The decision to reopen negotiations with Turkey followed a relatively positive European Commission report in October on the progress of the country. The assessment stated that Turkey had taken a number of "important steps" to adopt a judicial reform package and push forward a peace process with Kurdish insurgents

But Turkish accession talks have been dogged by a number of political problems. Tensions with Cyprus have been a major factor in the slow progress of the talks.
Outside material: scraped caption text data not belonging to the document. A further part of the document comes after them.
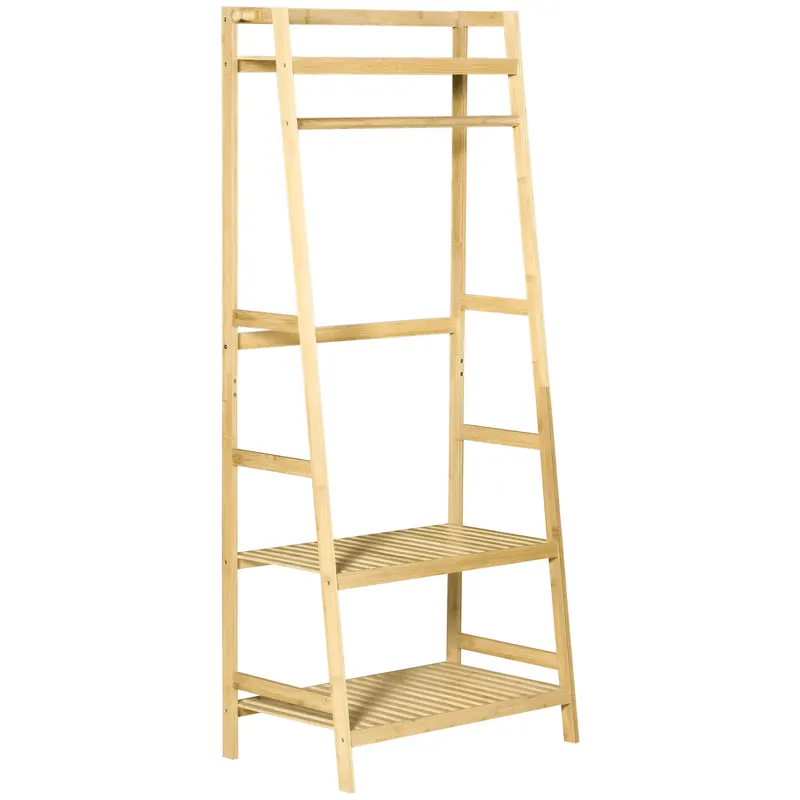 HOMCOM Cuier din Bambus cu Rafturi pentru Depozitare, Ideal pentru Hol și Dormitor, 70x42x164cm, Design Modern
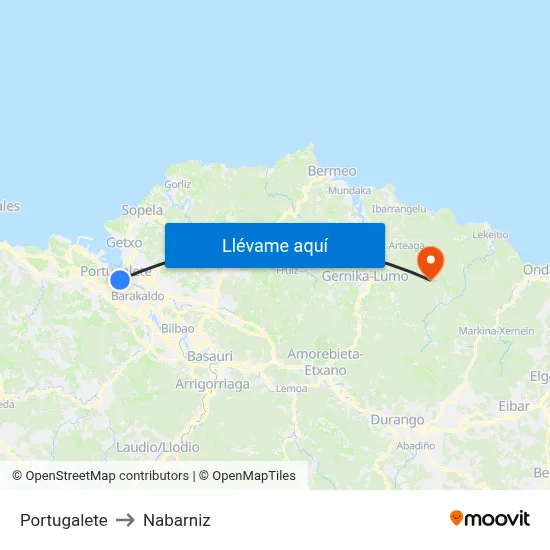 Portugalete to Nabarniz map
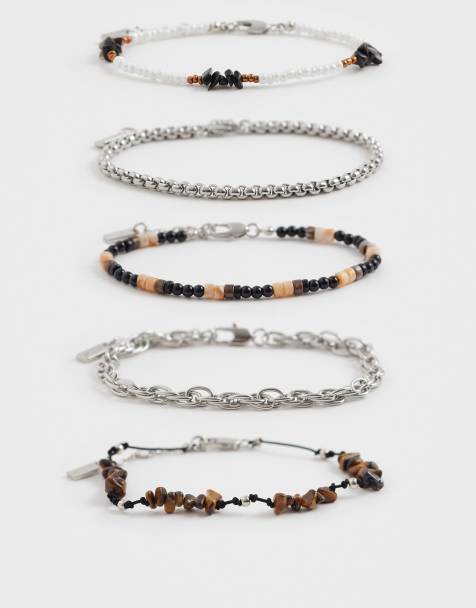 ASOS DESIGN - Flerfarvede armbånd med perler og stykker af halvædelstenene tigerøje og obsidian i pakke med 5 stks - view 1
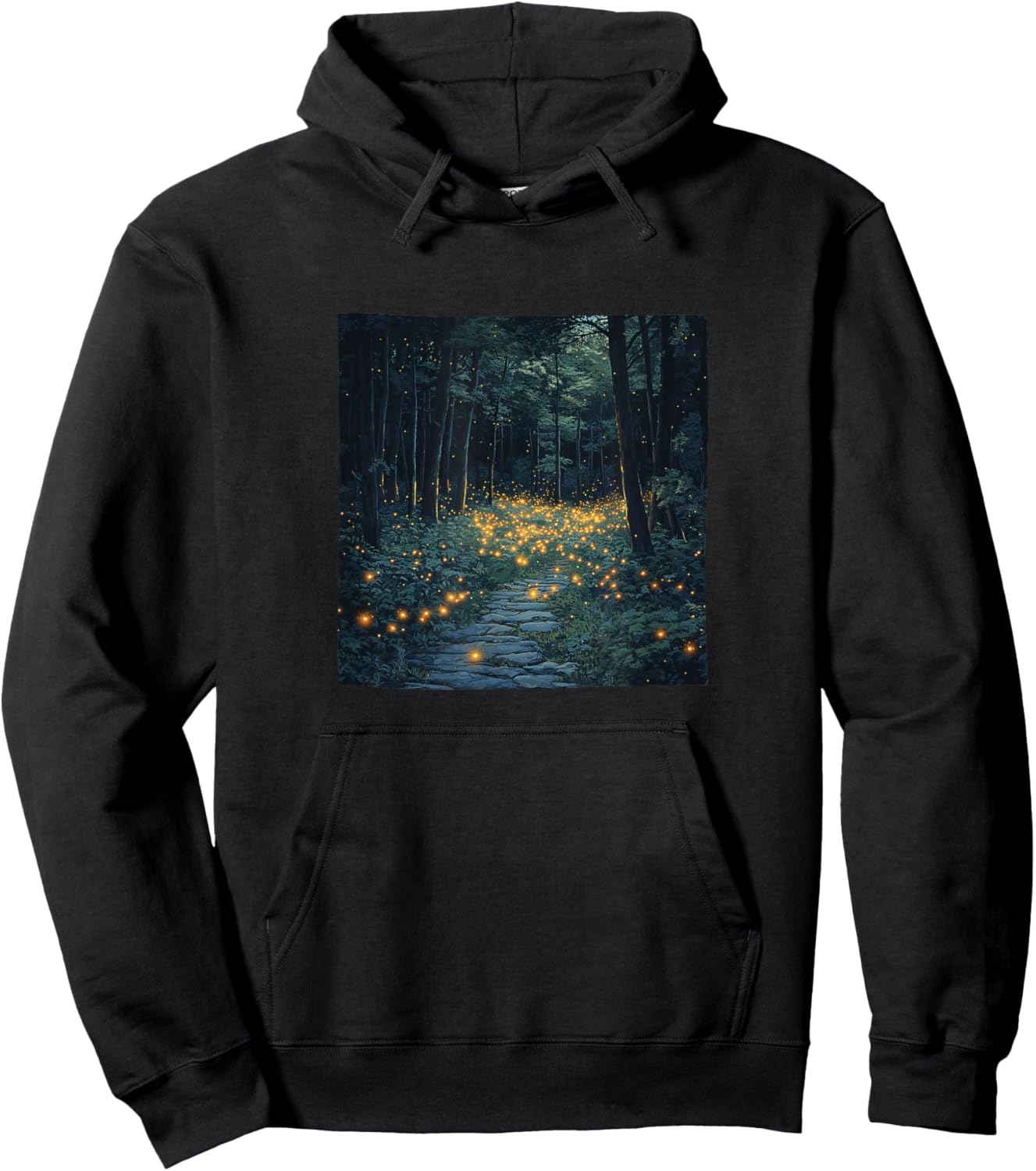 Forest With Fireflies Vintage Landscape Graphic Hoodie - Hoodie | Black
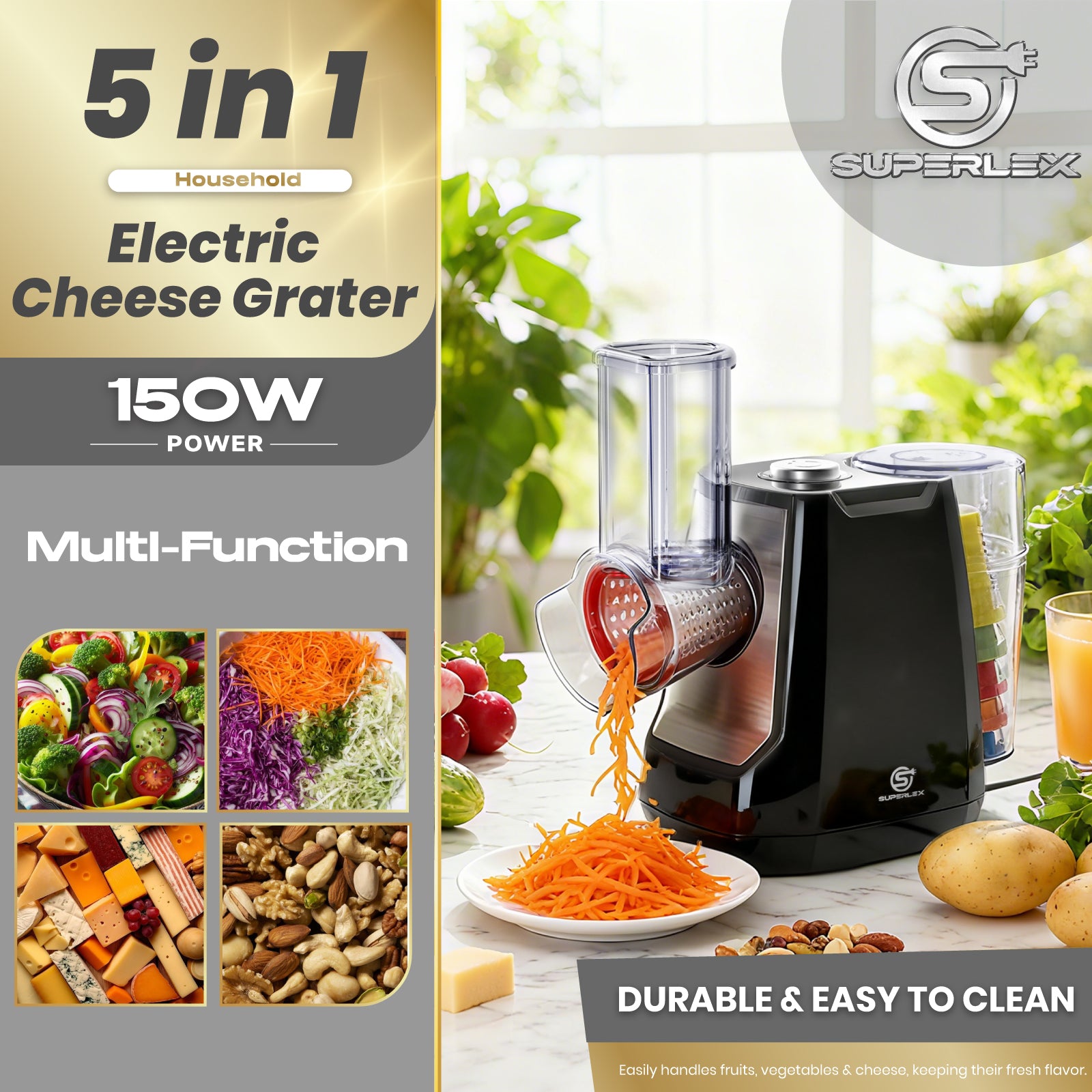 Electric 5-in-1 Salad Spinner with Stainless Steel Blades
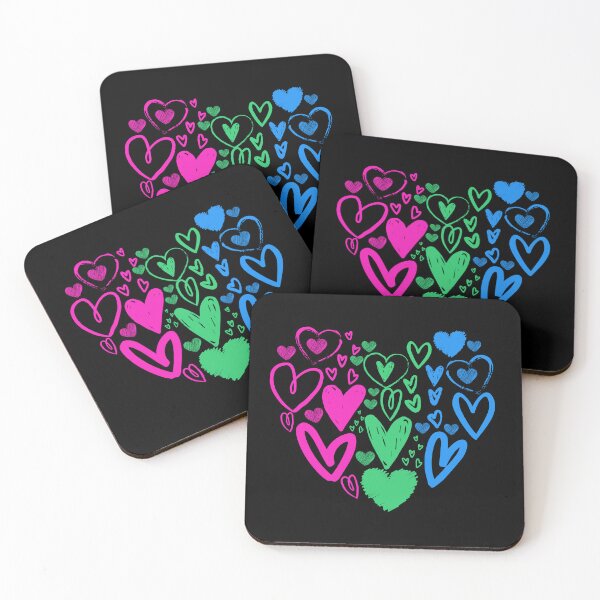 Item preview, Valentines Day Poly Hearts. Polysexual Pride designed and sold by Subtle Pride Shop.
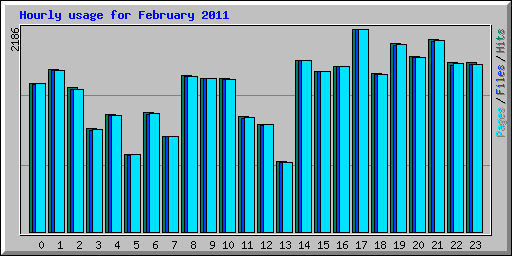 Hourly usage for February 2011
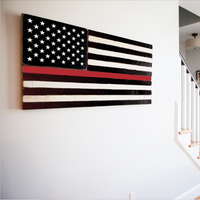 Thin Red Line Wooden American Flag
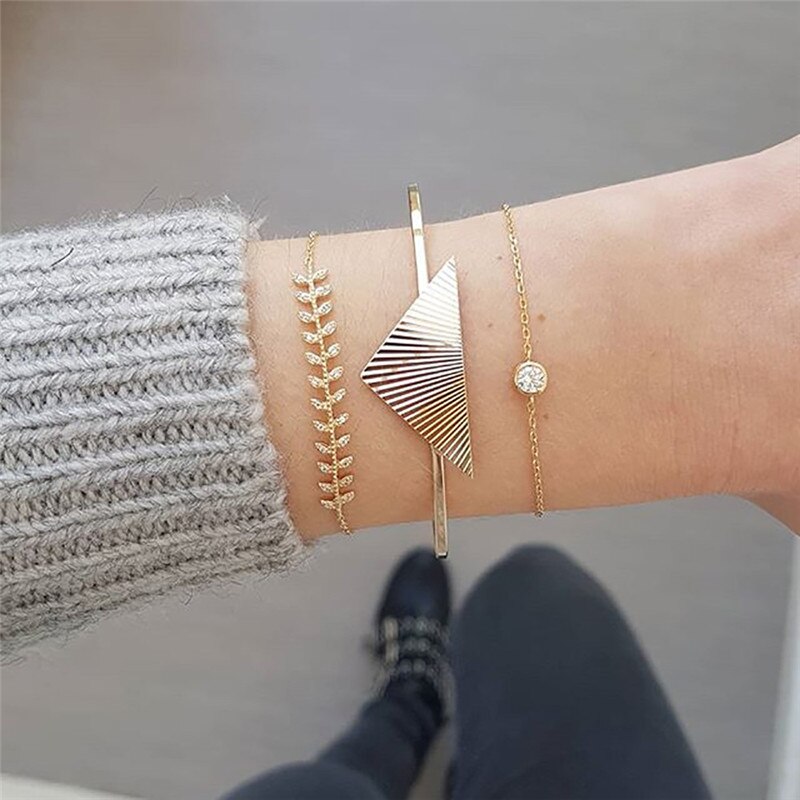 WUKALO Charm 4 stks/set Damesmode Kristal Cirkel Blad Ketting Gouden Kleur Gesimuleerde Parel Armband Set Party Bruiloft Sieraden: 83425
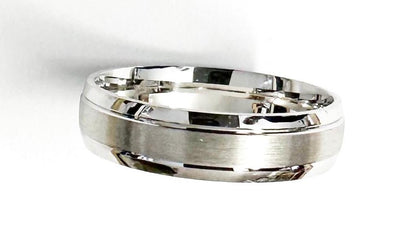 Men's 6mm Silver Track Edge Matt Wedding Ring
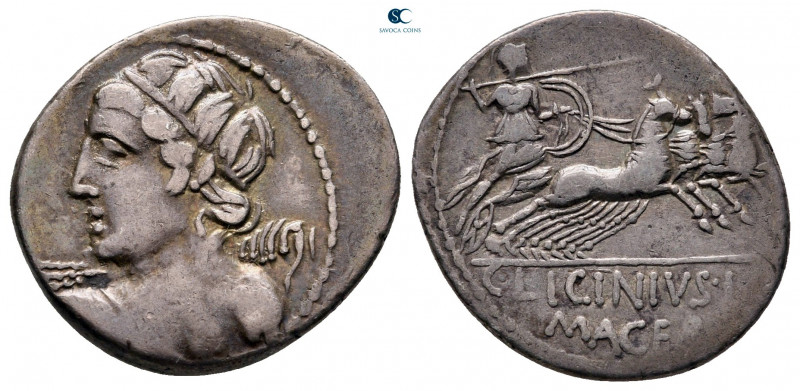 C. Licinius L. F. Macer 84 BC. Rome
Denarius AR

21 mm, 3,99 g

Bust of Apo...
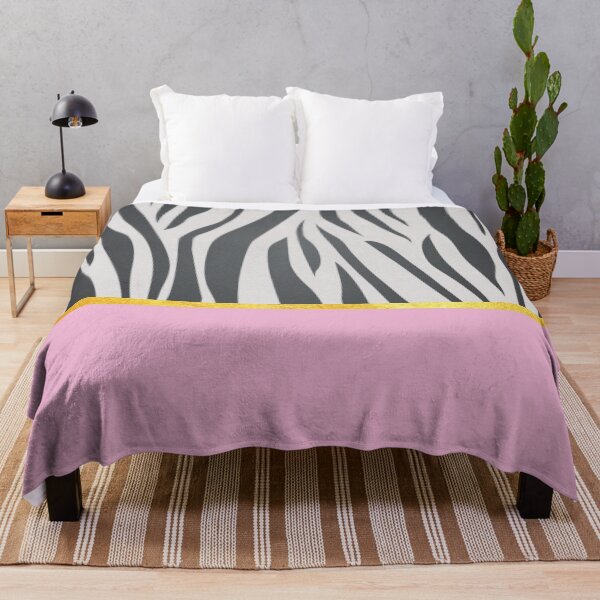 Item preview, Black and white zebra print on pink, golden lining designed and sold by ColorsHappiness.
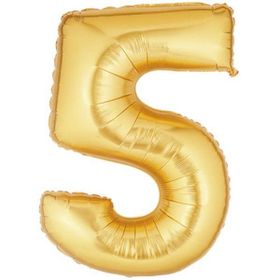 5 Rakamı Altın Folyo Balon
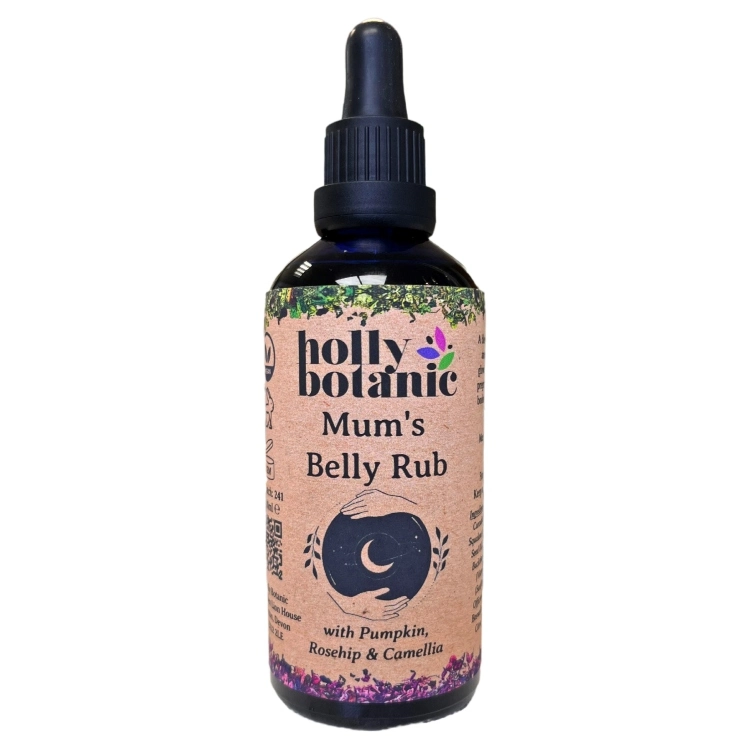 Mum's Belly Rub by Holly Botanic. A natural blend of plant oils and extracts to target stretch marks, soften, tone and improve elasticity. In a blue glass bottle with paper label.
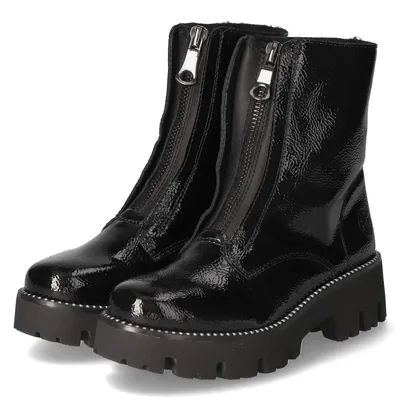 A pair of black patent leather ankle boots with zippers on a white background.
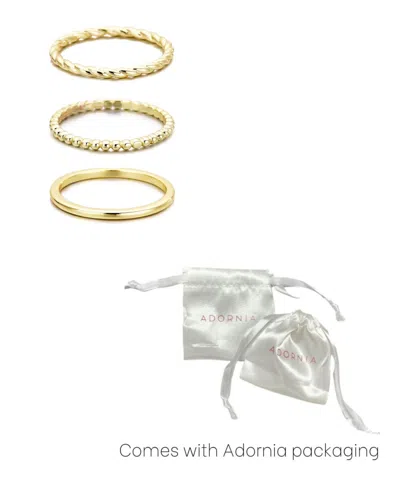 Adornia 14k Plated Thin Stacking Band Set Ring In Gold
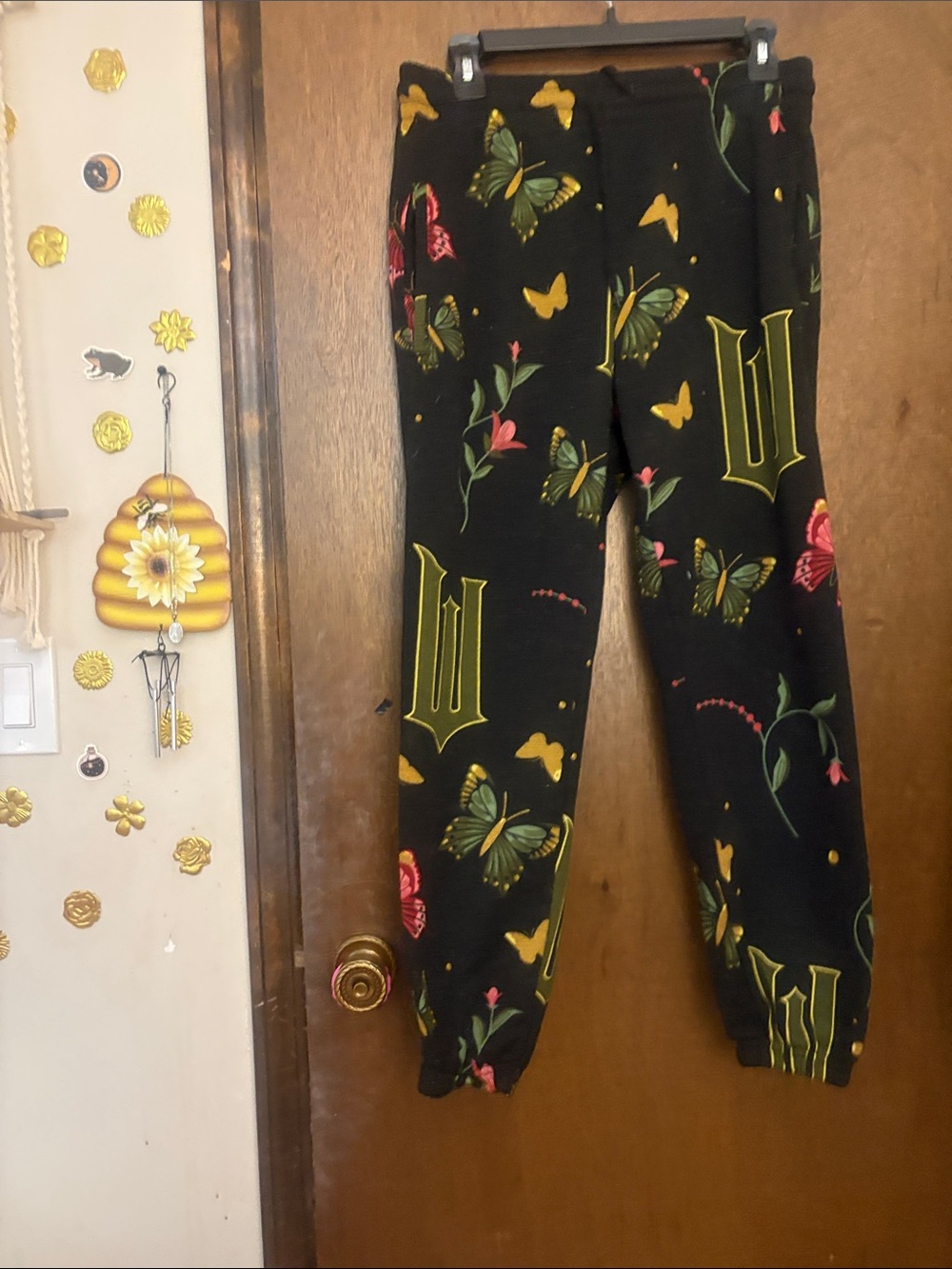 Black Butterfly & Floral Jogger Sweatpants
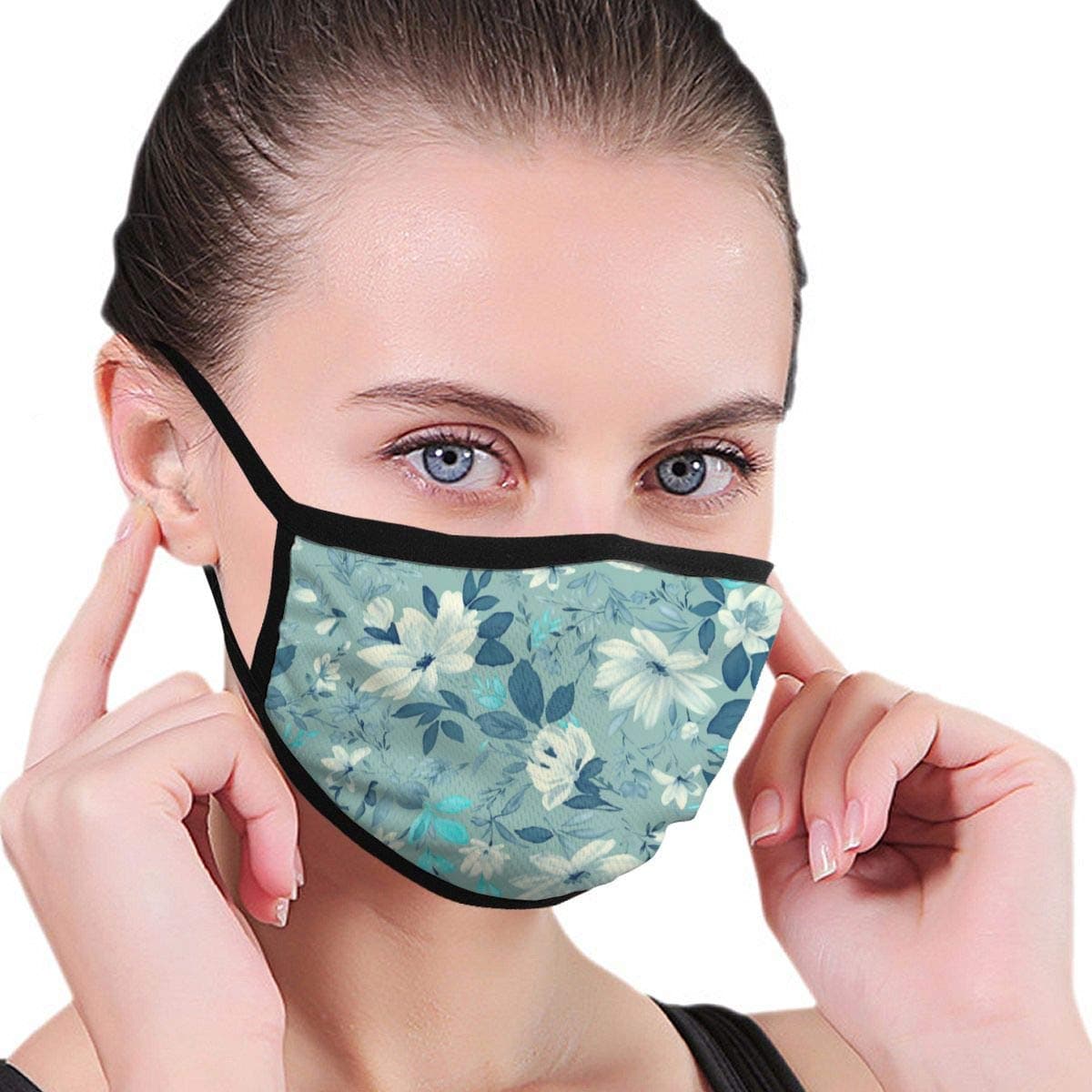 MATILDA RICHARDS Face Mask Dust Mask Pattern Design White Flower Anti Pollution Unisex Fashion Mouth Mask,Washed Reusable Face Mask,Can Be Repeatedly Used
The Republic of Cyprus – the island's internationally recognized Greek area – is blocking eight chapters in Turkey's accession talks because of Turkey's refusal to open its sea and air ports to traffic from Cyprus.

Turkey accused the EU of not ending the international isolation of Turkish Cypriots and did not open its ports.

Germany and France gave the green lights for talks to go ahead earlier this year after previously blocking negotiations in protest over of prime minster Recep Tayyip Erdogan's brutal crackdown of the Gezi Park protest.

But European lawmakers have sought to present a unified relationship between Brussels and Ankara seeing membership as the best way to bring key reforms to Turkey.

(Read more: Germany seeks to halt EU-Turkey talks over handling of protests)

"Let me underline that Turkey is and remains an important partner for the European Union and the developments in Turkey underline the importance of continuing EU engagement and the EU remaining the benchmark of reform in turkey," Štefan Füle, commissioner for enlargement and neighbourhood policy, said at a news conference.

Analysts are sceptical about the negotiations ever being successful.

James Ker-Lindsay, senior research fellow at the London School of Economics told CNBC that the deal is "unlikely" to happen.

"The thing is, both sides are committed to this relationship and I don't think either side quite knows how to get out of it."